How does one upgrade an existing MCAT to version 3.0?

Like other upgrades, use one of the scripts provided in the MCAT/data directory (such as 212to300patch.psg), using it as the standard-input for the command-line sql utility, for example 'psql < 212to300patch.psg'.

Once that completes, your local zone will be called "demozone".

You can operate a 3.0 system like this if you wish. That is, you can run the current SRB software but without doing inter-zone operations. You'll have a zone called "demozone" which will be largely unnoticed.

If you then want to make use of the zone capabilities (form a federation with other zones), you need to perform the steps outlined above under "How does one set up a federation of zones?".

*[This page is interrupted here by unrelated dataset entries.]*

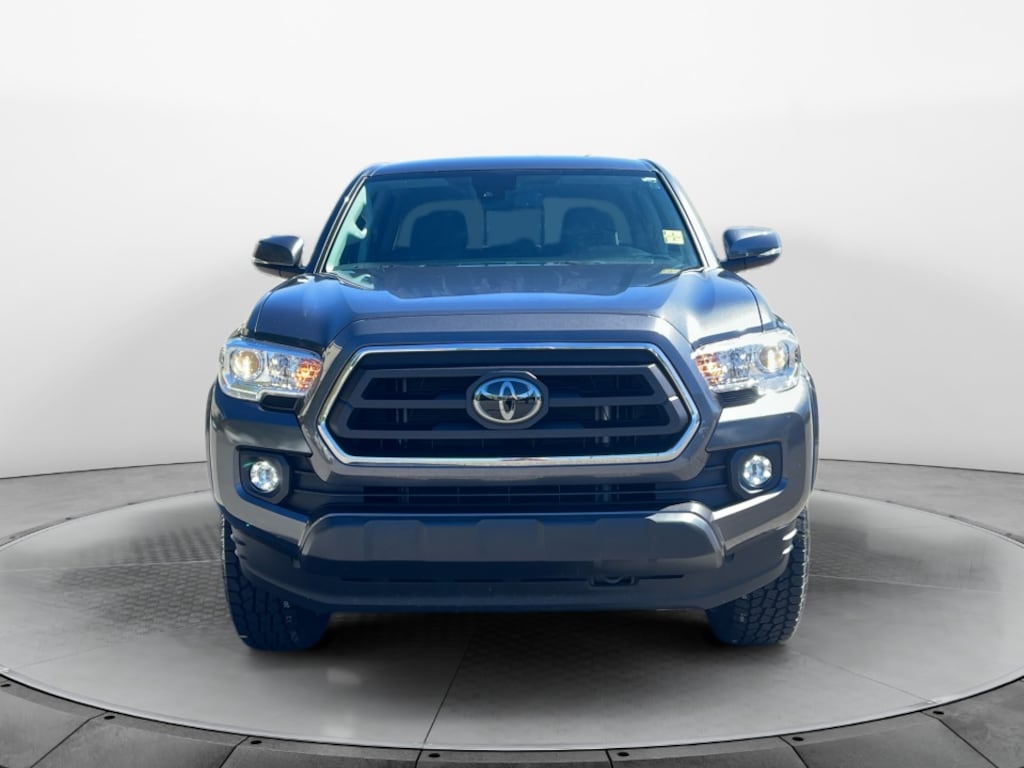 Certified 2023 Toyota Tacoma SR5 Truck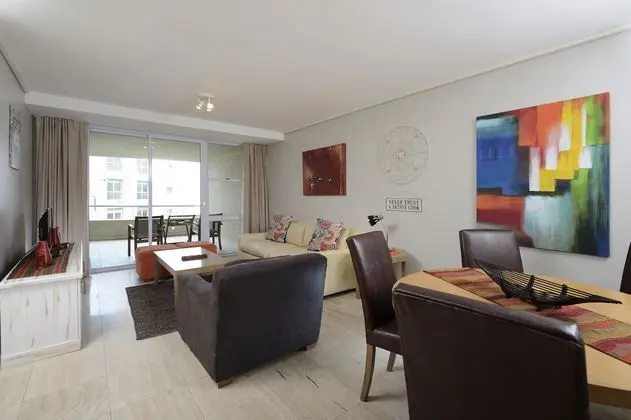 Apart Daire Two Bedrooms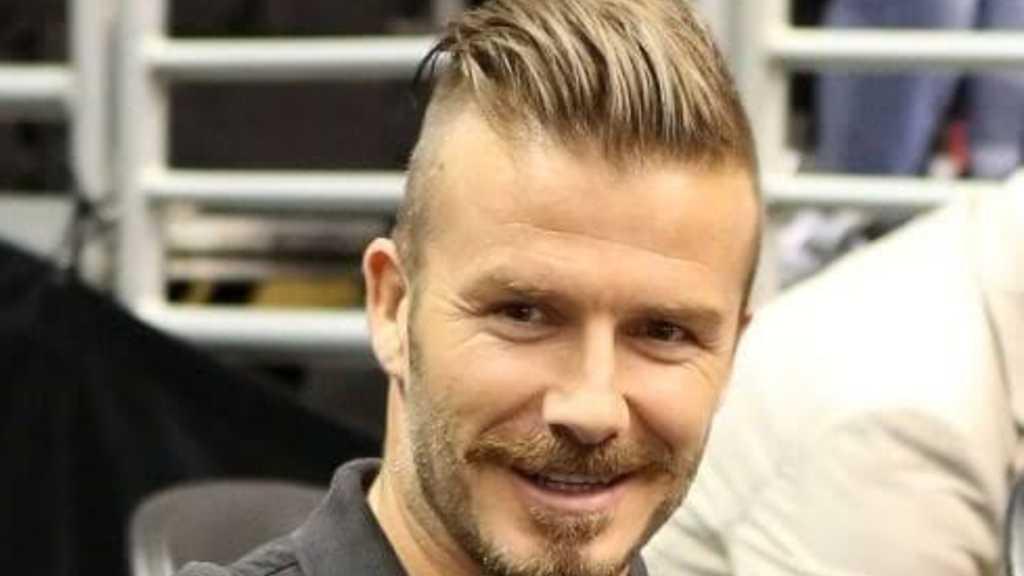 Ini 5 Rambut Kece Badai Pesepakbola Masa Kini, Kamu Pernah Niru Siapa?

What other administrative tasks are required? Once you have multiple zones federated together, you need to periodically run a script, Szonesync.pl, to ingest information from the remote zones. This could be done as a cron job. See the script for more information. This is highly configurable since zones can be run in various modes (see Fed MCAT).

Also see Fed MCAT.

See the Zones Testing writeup for a description of how one might test SRB zones and more information on how zones should operate.